This 2010 Tom Doak/Jim Urbina collaboration features turnpike-wide landing areas and gigantic, heaving greens that are hard to miss. To get the ball into the hole, however, you’ll need to master angles, strategy, trajectory and the ground game, making for an Old World links experience second to none in the U.S. The course pays homage to the design style and template holes of C.B. Macdonald, American’s pioneer architect, though the most memorable hole is a Doak/Urbina original, the par-4 7th, where the elevated green peers down over the beach.

12. Bandon Trails
Bandon, Ore. ($85-$310)

Unlike its elder Bandon siblings, “Trails” doesn’t cling to cliffs, but it’s no less spectacular. It opens in massive, scrub-covered dunes, then plunges into pine forest and touches linksy meadow before returning to dunesland. Along the way are stirring long views of the Pacific and a superb set of wildly different par-3s.

13. Pasatiempo Golf Club
Santa Cruz, Calif. ($240-$272)

Par has been shaved from 74 to 70 since Dr. Alister MacKenzie’s finest public access course first opened in 1929, yet it seldom takes a beating, even at the hands of Ben Hogan, Byron Nelson or Tiger Woods, none of whom has bettered 67. How can such a pipsqueak in the yardage department play so difficult? Try rolling terrain that’s crisscrossed by barrancas, slender fairways hemmed in by trees, hordes of deep, artfully sculpted bunkers, Pacific Ocean breezes and nightmarishly quick, canted greens.

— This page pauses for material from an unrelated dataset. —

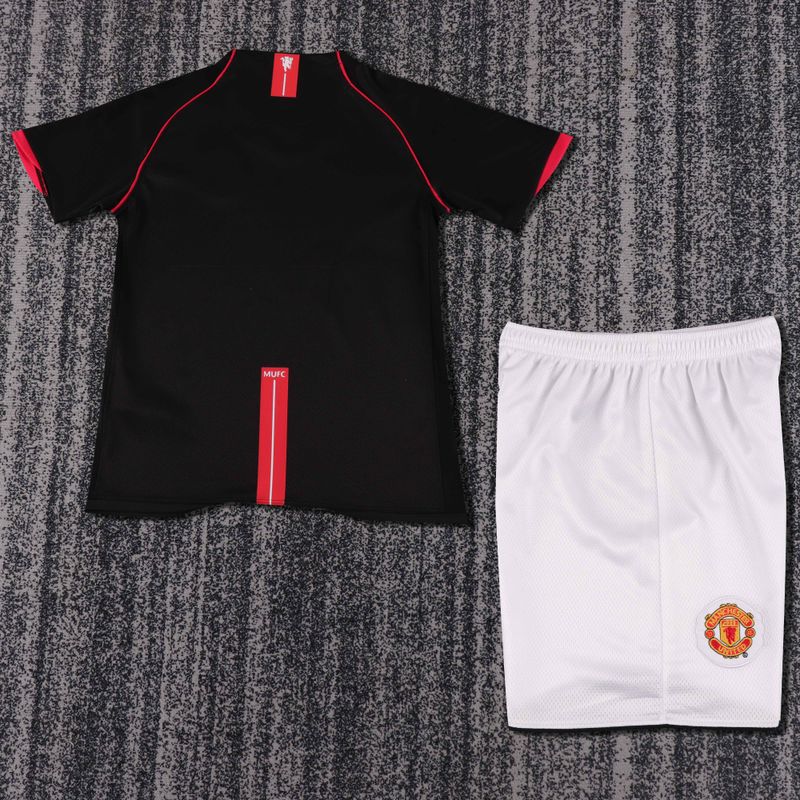 Retro Kids Manchester United 2007-2008 away Secondary image
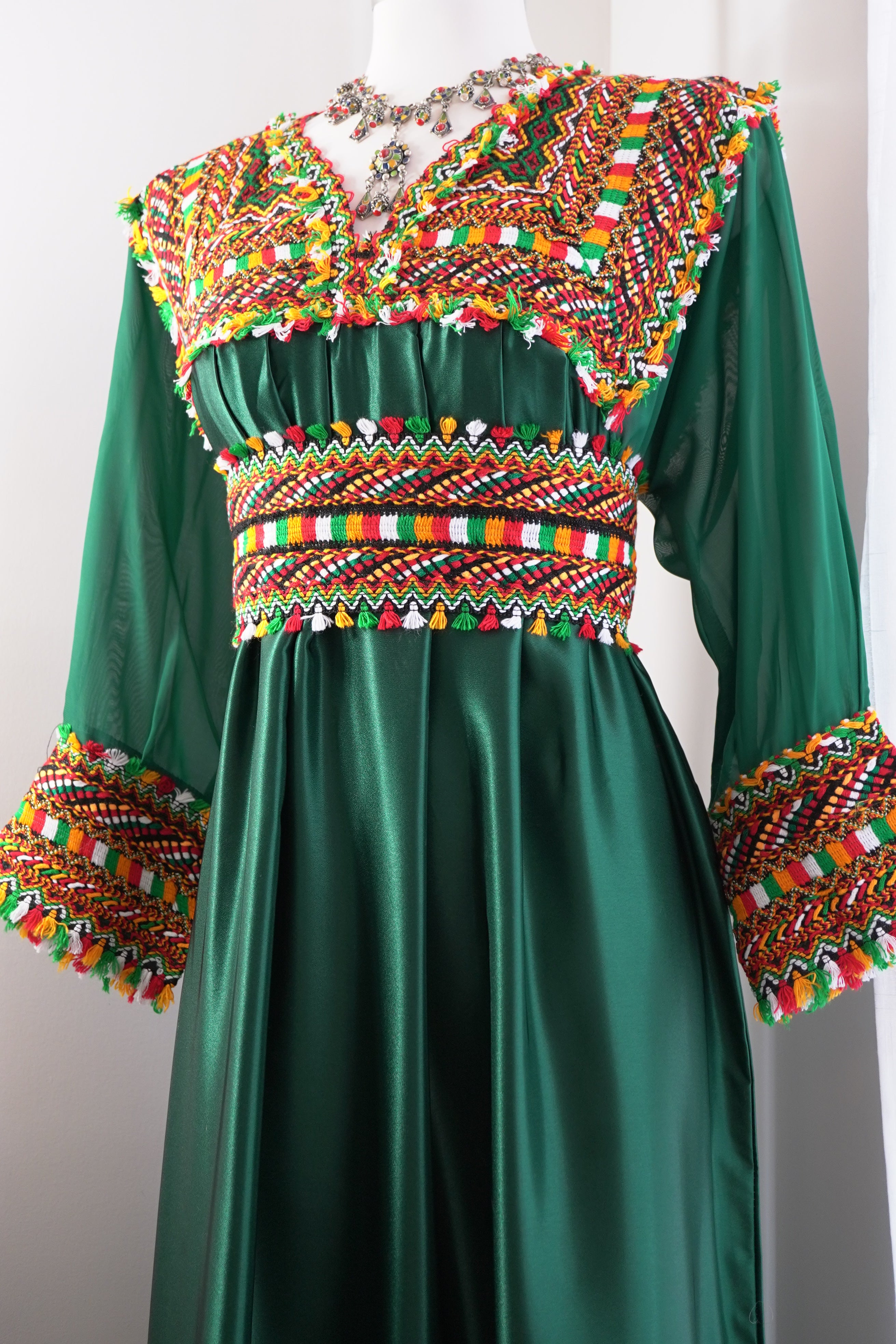 ROBE KABYLE LYDIA VERTE Narimane Haute Couture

14. Streamsong Resort (Blue)
Streamsong, Fla. ($85-$255)
Hewn from the remnants of old phosphate mines, Streamsong Blue features a distinctive sand-based canvas that puts an emphasis on ground-game prowess. Tom Doak crafted fairways that cling to the terrain as if they’ve been here for thousands of years. Greens melt into their surrounds. Imaginative green-contouring forces players to think before approaching. After the dizzying panorama from the par-4 1st, the next stunner is the 203-yard, par-3 7th that demands a lake carry to a wildly undulating green cocooned in the sandhills. This is retro golf with modern trappings.

15. Spyglass Hill Golf Course
Pebble Beach, Calif ($395-$435)

Part of the rotation for the PGA Tour’s Bing Crosby (now AT&T Pebble Beach National Pro-Am) since 1967, this Robert Trent Jones Sr. design has been one of the Tour’s hardest layouts for nearly 50 years. Few have conquered its dune-flecked, oceanside start, nor its final 13 holes through the pines, except Phil Mickelson in 2005 and Luke Donald in 2006, when both posted astonishing 10-under-par 62s.

16. Shadow Creek North
Las Vegas, Nev. ($500)

Tom Fazio and Steve Wynn demonstrated in 1990 that with sufficient money and imagination, there’s nothing that couldn’t be accomplished in golf course design. Hewn from flat, featureless desert, Shadow Creek emerged with rolling hills, a forest of pines, bursts of flowers and a network of creeks and lakes.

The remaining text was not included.